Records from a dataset
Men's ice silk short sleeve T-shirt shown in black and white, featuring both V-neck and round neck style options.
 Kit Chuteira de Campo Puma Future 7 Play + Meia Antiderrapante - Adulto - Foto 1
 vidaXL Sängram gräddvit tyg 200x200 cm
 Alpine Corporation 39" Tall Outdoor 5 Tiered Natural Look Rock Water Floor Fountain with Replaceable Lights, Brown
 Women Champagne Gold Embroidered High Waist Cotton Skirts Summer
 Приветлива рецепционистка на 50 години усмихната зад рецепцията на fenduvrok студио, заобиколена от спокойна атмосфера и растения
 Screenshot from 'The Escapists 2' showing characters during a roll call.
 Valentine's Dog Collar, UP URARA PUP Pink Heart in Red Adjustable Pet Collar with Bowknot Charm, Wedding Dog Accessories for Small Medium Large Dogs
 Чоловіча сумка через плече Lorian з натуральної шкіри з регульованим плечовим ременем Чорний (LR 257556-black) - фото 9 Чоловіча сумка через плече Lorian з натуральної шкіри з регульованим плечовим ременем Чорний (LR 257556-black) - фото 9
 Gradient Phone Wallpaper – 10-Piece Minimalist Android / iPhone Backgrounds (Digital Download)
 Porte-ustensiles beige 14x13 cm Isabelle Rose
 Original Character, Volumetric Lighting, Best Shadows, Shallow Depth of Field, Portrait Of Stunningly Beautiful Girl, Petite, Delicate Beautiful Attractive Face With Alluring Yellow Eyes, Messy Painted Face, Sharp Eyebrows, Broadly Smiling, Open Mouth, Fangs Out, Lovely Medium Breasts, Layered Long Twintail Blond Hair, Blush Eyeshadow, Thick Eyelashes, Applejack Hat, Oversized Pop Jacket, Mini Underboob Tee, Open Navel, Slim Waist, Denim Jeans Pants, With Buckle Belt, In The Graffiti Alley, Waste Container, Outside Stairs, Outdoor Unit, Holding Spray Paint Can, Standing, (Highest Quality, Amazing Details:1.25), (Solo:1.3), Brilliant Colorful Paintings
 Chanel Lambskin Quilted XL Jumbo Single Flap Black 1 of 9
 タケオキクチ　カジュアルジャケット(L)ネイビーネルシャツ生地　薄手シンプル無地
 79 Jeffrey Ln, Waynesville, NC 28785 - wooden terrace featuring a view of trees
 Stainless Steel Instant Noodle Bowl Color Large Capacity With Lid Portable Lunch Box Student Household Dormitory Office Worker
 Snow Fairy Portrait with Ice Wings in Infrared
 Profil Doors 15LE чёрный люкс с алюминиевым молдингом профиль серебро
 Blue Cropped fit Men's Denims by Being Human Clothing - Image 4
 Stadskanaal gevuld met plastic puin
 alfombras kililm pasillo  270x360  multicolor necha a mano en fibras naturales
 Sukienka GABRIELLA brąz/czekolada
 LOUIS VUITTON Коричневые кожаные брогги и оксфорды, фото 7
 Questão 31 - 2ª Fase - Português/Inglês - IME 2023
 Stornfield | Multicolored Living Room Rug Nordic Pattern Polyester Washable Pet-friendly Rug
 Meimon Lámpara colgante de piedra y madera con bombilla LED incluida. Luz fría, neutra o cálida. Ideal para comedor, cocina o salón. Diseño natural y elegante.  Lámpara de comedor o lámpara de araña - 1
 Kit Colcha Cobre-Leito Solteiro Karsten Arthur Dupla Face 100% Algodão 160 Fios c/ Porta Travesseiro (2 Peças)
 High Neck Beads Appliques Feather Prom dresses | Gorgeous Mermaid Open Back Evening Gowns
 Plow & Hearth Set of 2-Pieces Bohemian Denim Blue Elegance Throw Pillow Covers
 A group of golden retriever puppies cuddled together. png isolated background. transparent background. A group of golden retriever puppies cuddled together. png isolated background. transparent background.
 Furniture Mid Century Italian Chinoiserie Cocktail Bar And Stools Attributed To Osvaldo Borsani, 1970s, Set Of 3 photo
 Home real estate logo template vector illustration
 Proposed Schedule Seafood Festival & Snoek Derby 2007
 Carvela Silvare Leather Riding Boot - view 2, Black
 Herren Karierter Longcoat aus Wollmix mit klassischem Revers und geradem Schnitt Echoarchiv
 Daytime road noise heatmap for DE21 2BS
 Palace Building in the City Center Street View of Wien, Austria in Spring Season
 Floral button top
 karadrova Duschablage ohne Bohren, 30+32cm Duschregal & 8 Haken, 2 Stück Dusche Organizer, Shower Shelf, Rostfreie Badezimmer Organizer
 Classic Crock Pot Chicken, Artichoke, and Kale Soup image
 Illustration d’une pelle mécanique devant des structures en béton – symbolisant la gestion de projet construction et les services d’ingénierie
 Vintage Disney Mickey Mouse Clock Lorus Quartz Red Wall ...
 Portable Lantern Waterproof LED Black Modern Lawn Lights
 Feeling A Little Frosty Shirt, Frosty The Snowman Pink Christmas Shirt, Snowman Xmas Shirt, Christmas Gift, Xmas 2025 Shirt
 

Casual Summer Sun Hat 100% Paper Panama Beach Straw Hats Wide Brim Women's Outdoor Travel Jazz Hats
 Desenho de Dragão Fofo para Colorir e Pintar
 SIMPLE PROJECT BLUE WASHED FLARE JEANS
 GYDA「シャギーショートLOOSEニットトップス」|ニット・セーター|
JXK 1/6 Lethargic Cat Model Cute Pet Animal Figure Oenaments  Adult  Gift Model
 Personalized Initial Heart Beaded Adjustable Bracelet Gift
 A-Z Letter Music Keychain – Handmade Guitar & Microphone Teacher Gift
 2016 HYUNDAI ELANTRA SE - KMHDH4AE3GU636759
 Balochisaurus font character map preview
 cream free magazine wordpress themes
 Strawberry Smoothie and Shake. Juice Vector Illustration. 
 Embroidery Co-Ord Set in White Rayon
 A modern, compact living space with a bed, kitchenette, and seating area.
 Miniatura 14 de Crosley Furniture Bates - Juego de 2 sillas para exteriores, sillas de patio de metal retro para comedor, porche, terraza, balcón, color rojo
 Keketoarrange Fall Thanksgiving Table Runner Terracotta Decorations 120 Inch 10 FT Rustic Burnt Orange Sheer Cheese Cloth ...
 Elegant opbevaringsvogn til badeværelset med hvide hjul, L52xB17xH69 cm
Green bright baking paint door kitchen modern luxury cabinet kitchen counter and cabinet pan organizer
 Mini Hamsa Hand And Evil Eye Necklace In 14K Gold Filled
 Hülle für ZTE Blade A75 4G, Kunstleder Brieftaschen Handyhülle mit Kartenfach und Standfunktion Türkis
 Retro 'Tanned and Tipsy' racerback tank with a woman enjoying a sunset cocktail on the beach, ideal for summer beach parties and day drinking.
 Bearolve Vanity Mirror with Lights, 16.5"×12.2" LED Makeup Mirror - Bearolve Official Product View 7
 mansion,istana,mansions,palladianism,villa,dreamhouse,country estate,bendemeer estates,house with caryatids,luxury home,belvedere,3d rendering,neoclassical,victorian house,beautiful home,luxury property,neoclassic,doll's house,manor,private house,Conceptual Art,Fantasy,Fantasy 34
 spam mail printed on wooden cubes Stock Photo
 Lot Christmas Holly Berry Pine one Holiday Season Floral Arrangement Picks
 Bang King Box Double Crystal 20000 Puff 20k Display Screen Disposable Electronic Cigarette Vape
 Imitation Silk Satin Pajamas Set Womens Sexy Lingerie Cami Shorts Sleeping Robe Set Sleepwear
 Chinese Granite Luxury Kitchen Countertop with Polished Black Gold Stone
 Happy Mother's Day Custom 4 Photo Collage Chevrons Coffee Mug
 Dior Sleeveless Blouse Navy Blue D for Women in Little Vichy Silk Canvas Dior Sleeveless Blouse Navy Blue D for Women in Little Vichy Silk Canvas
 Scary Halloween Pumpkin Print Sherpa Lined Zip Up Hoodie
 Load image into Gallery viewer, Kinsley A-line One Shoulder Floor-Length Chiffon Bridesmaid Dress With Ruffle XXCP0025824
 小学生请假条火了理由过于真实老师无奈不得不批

▶ _What to produce_
From the records above, determine how many lines hold "Christmas" and give only that number.

▶ _Output_
2